The net force on the system when its displacement from equilibrium is y is equal to the change in the buoyant force. If the cylinder rises above equilibrium the buoyant force is less than that at equilibrium and the net force is negative; at positions below equilibrium the buoyant force is greater than that at equilibrium and the net force is positive.
At position y relative to equilibrium the buoyant force differs from that at equilibrium by and amount equal in magnitude to the difference in the weights of displaced water. The difference in the volumes of displaced water is
volume difference = - cross-sectional area * position relative to equilibrium = - pi r^2 y,
so the difference in the mass of displaced water is - rho r^2 y and the net force is the product of this difference in mass and the acceleration of gravity:
F_net = - rho_water * pi r^2 y * g.
The mass of the entire cylinder is
mass = rho_cylinder * pi r^2 h,
where h is the altitude of the cylinder.
Since F_net = mass * y '' we have
rho_cyl * pi r^2 h * y '' = - rho_water * pi r^2 y * g
which we simplify to obtain
y '' = -rho_water * g / (h * rho_cyl) * y.
This is of the form y '' = - c * y with c = -rho_water * g / (h * rho_cyl) = -1000 kg / m^3 * 9.8 m/s^2 / (1.00 m * 700 kg / m^3) = -14 s^-2, approx..
The mass is that of the cylinder
Solving the equation
y '' = - c y
we obtain
y = B cos(sqrt(c) * t) + C sin(sqrt(c) * t),
which can be expressed in the form
y = A cos(sqrt(c) * t + phi).
A and phi are arbitrary constants, while sqrt(c) = sqrt( 14 s^-2) = 3.7 s^-1., approx..
If the cylinder is raised 10 cm and released then y(0) = .10 meters and y ' (0) = 0 so that
y(0) = A cos( sqrt(c) * 0 + phi) = .10 m and
y ' (0) = -sqrt(c) A sin(sqrt(c) * 0 + phi) = 0.
Thus
A cos(phi) = .10 m and
A sin(phi) = 0.
The latter indicates that phi = 0 or pi radians. The former dictates that phi = 0 radians rather than pi radians, with A = .10 m.
Thus our solution is
y(t) = 10 cm * cos(sqrt(c) * t ) or approximately
y(t) = 10 cm * cos( 3.7 t ).
The cylinder is easily seen to float in equilibrium when 70 cm is below and 30 cm above the water line.
If the cylinder is struck from above at equilibrium and comes just to and not below the surface of the water, then we know that its maximum displacement from equilibrium has magnitude 30 cm. So we can let A = 30 cm.
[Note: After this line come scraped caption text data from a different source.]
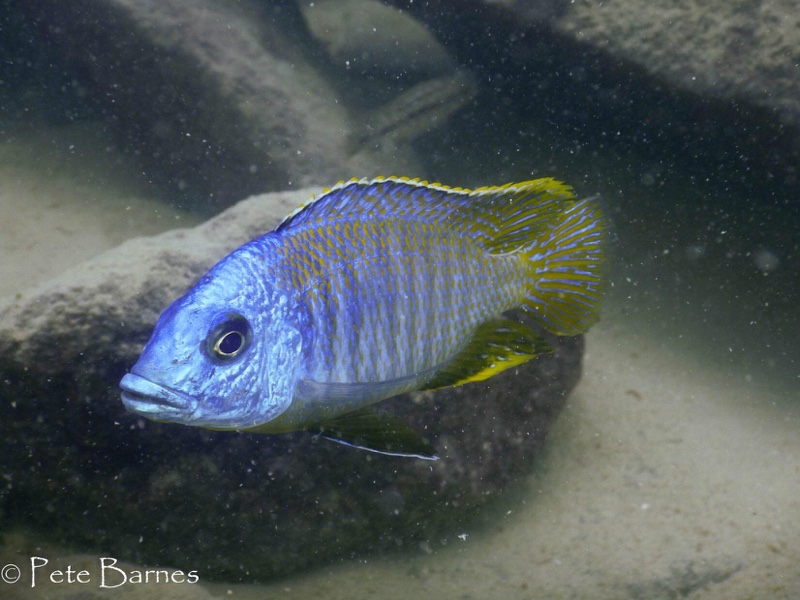 Otopharynx sp. 'heterodon nankumba' Mitande Reef
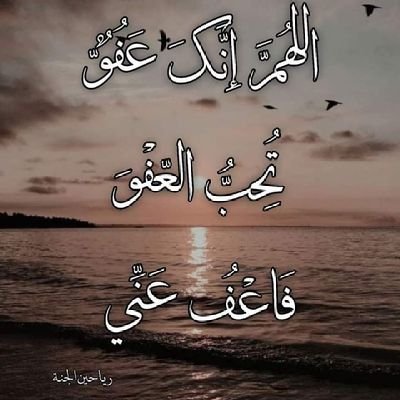 wissam8765's profile picture.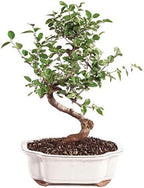 Brussel's Bonsai Live Chinese Sweet Plum Indoor Bonsai Tree-5 Years Old 6" to 10" Tall with Decorative Container, Medium, Blank & Brussel's 8" Humidity Tray with Decorative Rocks - Image 2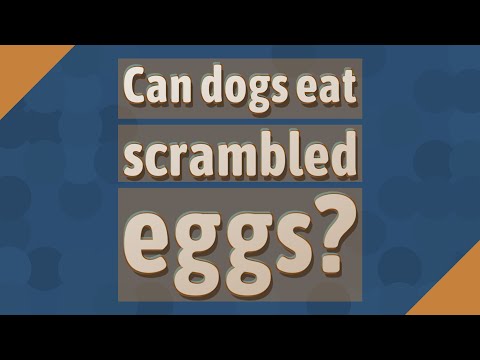 YouTube video about: Can dogs eat chorizo and eggs?
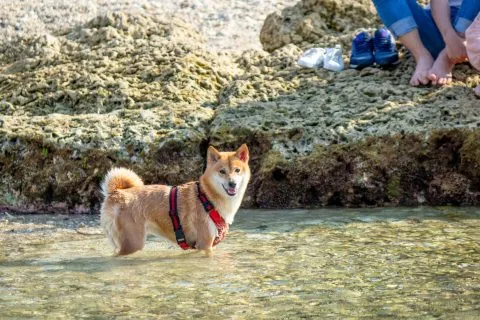 花瓶岩 72 - Travel of Rice 小米遊記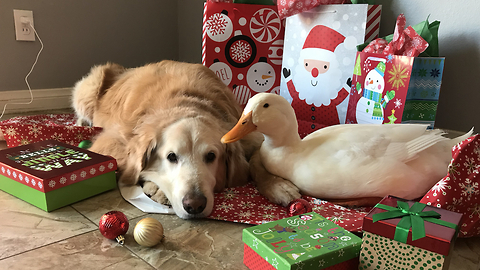 Best Friends Dog And Duck Celebrate Christmas | CUTE AS FLUFF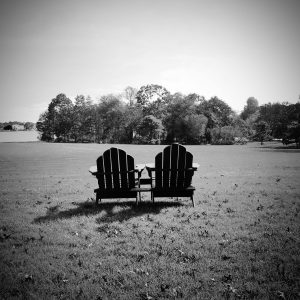 Empty Adirondack Chair in the middle of the lawn of Bayard Cutting Aboretum. Great River, NY.
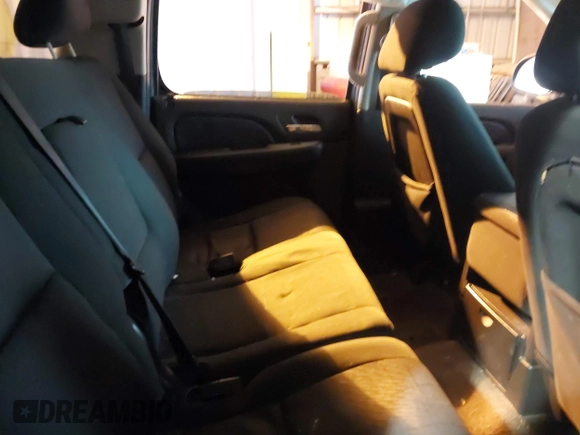 2010 Chevrolet Suburban LS with VIN 1GNUCHE01AR158111, listed as a IAAI auction lot 41602157 with 263,227 mi miles. Bid and sale history available at carsss.com. Image 8.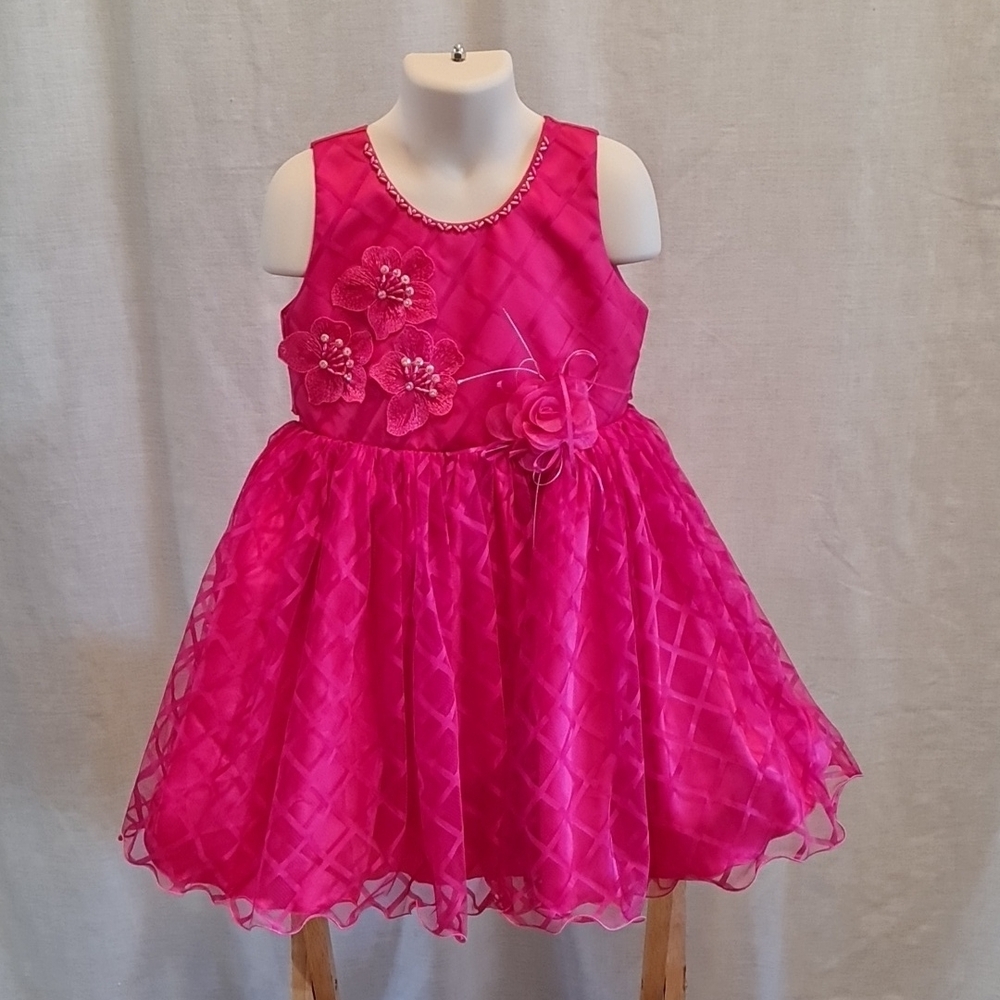 Elegant Rose Pink Girls Dress with Floral Accents, NWOT, Hand Wash, No Brand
The velocity of the cylinder at the initial instant is negative and its position is zero, so
y(0) = A cos(sqrt(c) * 0 + phi) = 0
and
y ' (0) < 0.
The first condition requires that cos(phi ) = 0, so that phi = pi/2 or 3 pi / 2.
The second condition requires that sin(phi) < 0, so that phi = 3 pi / 2.
The solution is thus
y(t) = 30 cm * cos(sqrt(c) * t + 3 pi / 2) or approximately
y(t) = 30 cm * cos( 3.7 t + 3 pi / 2).
The velocity function wasn't requects, but it is
v(t) = y ' (t) = -sqrt(c) * 30 cm sin (sqrt(c) t + 3 pi / 2) = -110 cm/s * sin(3.7 t + 3 pi/2).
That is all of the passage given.